* Your goal:
The pictures are to be left out, and all remaining data is to be transcribed exactly as it appears.

───── Data block

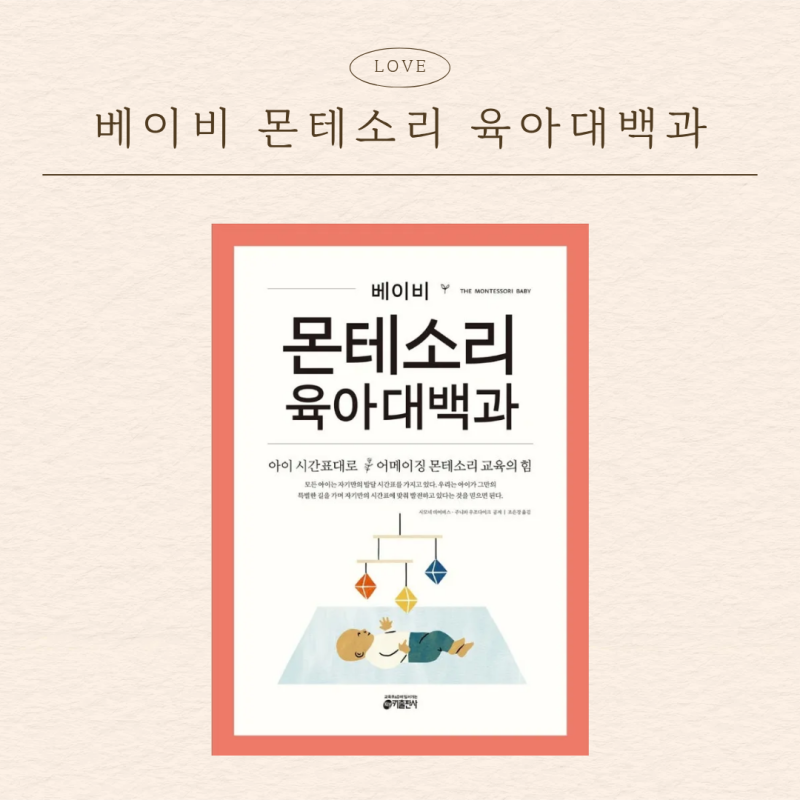 베이비 몬테소리 육아대백과::기대되는 육아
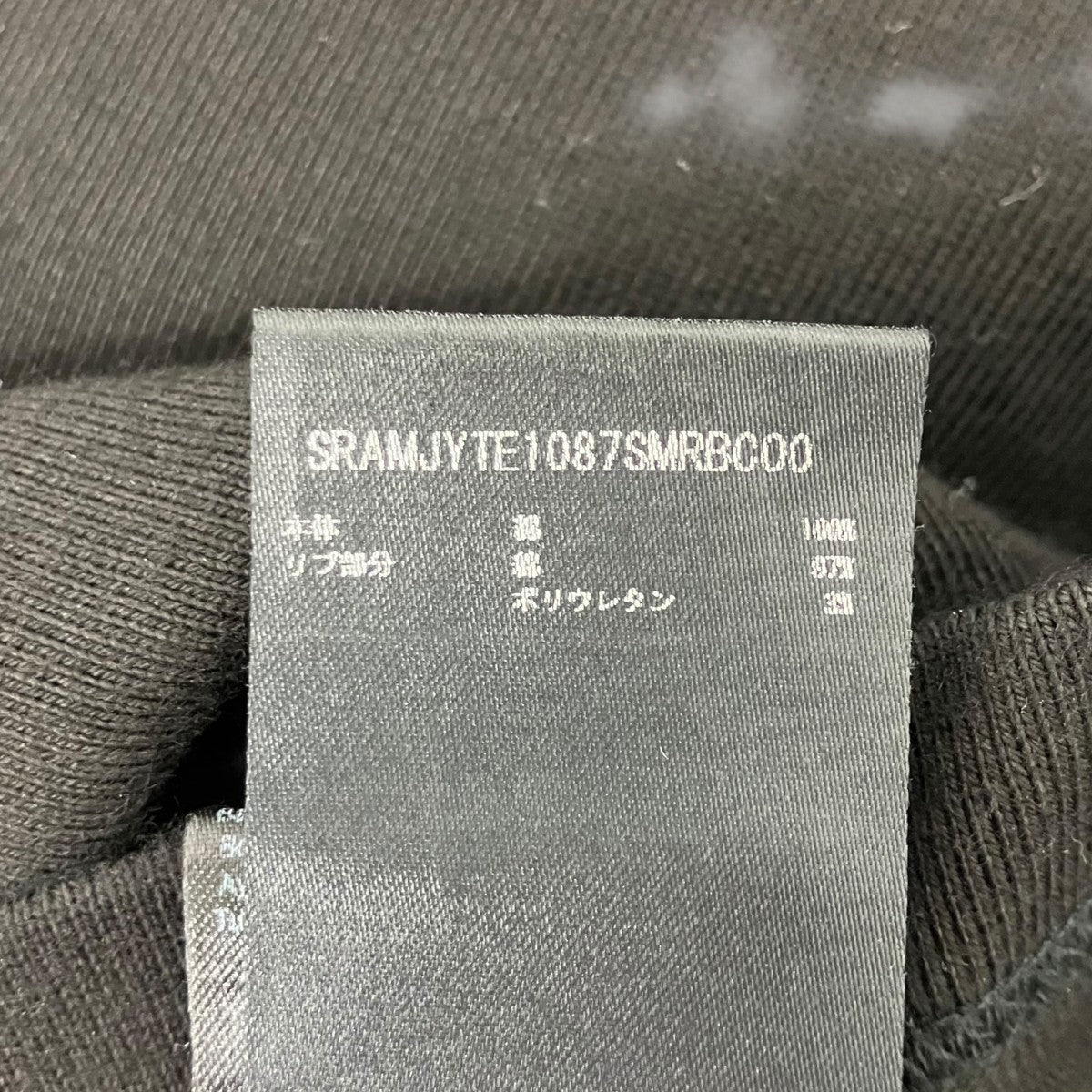 AMIRI ラインストーン装飾tシャツ 古着・中古-5枚目のアイテム画像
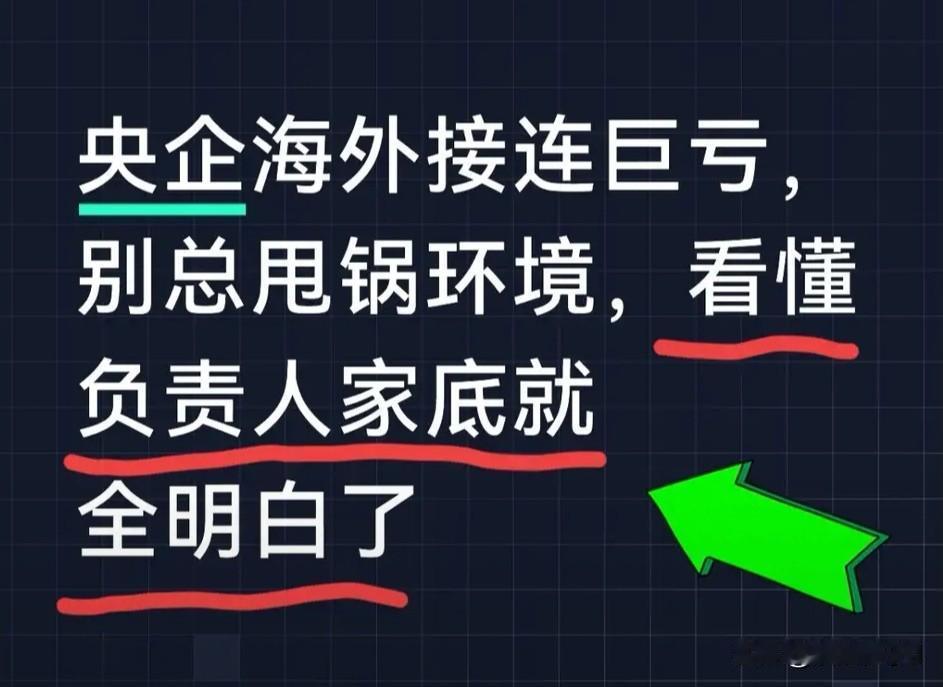 2026年4月国资委新设境外国资工作局，央企海外千亿亏损猫腻被扒皮。新观点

──────────

* Exercise answer:
 베이비 몬테소리 육아대백과::기대되는 육아
 AMIRI ラインストーン装飾tシャツ 古着・中古-5枚目のアイテム画像
 2026年4月国资委新设境外国资工作局，央企海外千亿亏损猫腻被扒皮。新观点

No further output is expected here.